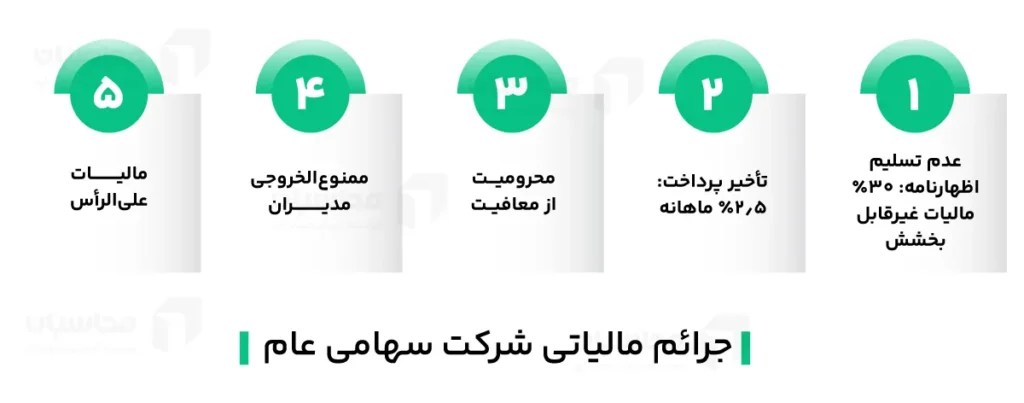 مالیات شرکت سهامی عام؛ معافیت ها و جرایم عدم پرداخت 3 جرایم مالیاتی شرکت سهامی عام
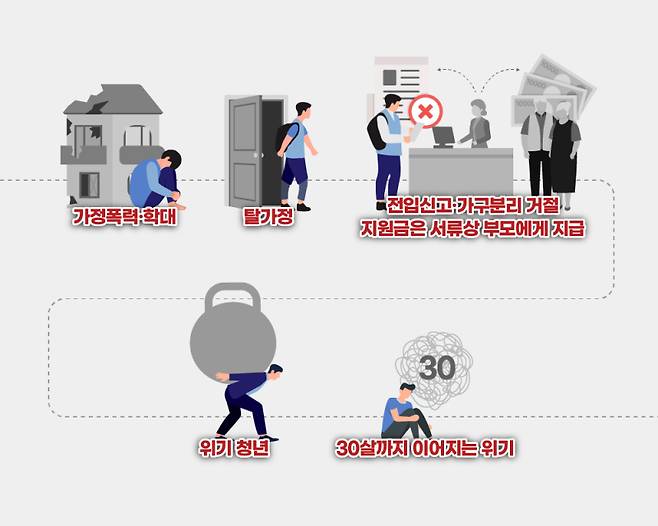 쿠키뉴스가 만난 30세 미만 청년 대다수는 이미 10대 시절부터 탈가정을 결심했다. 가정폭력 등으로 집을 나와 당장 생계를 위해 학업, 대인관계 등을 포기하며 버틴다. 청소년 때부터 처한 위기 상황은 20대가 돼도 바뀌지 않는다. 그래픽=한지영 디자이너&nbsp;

**********

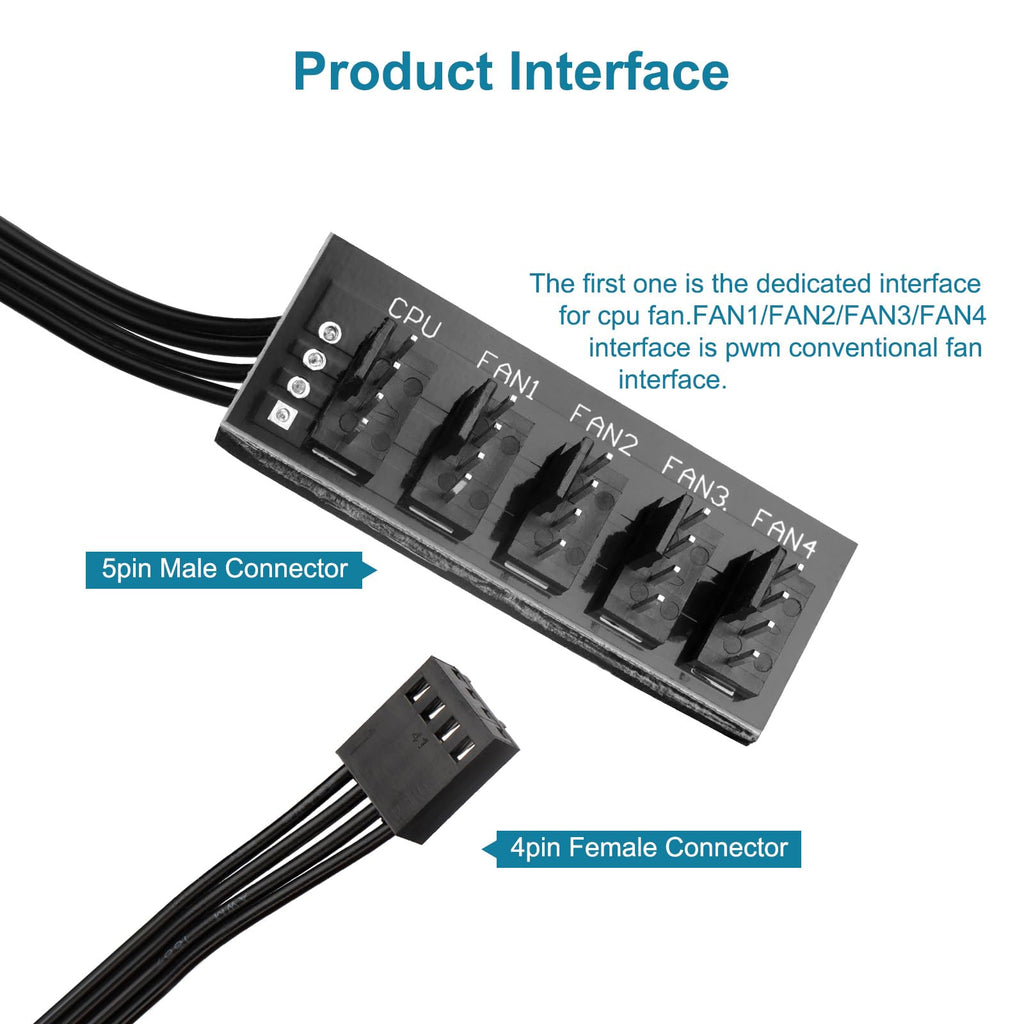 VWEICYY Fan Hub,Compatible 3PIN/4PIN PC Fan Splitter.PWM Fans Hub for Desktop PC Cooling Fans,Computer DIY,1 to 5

**********

Work item
Lines wanted from the entries above: the one with "مالیات شرکت سهامی", the one with "쿠키뉴스가 만난 30세", and all lines between. Please copy them exactly, without the pictures and without anything else.

Answer space
 مالیات شرکت سهامی عام؛ معافیت ها و جرایم عدم پرداخت 3 جرایم مالیاتی شرکت سهامی عام
 쿠키뉴스가 만난 30세 미만 청년 대다수는 이미 10대 시절부터 탈가정을 결심했다. 가정폭력 등으로 집을 나와 당장 생계를 위해 학업, 대인관계 등을 포기하며 버틴다. 청소년 때부터 처한 위기 상황은 20대가 돼도 바뀌지 않는다. 그래픽=한지영 디자이너&nbsp;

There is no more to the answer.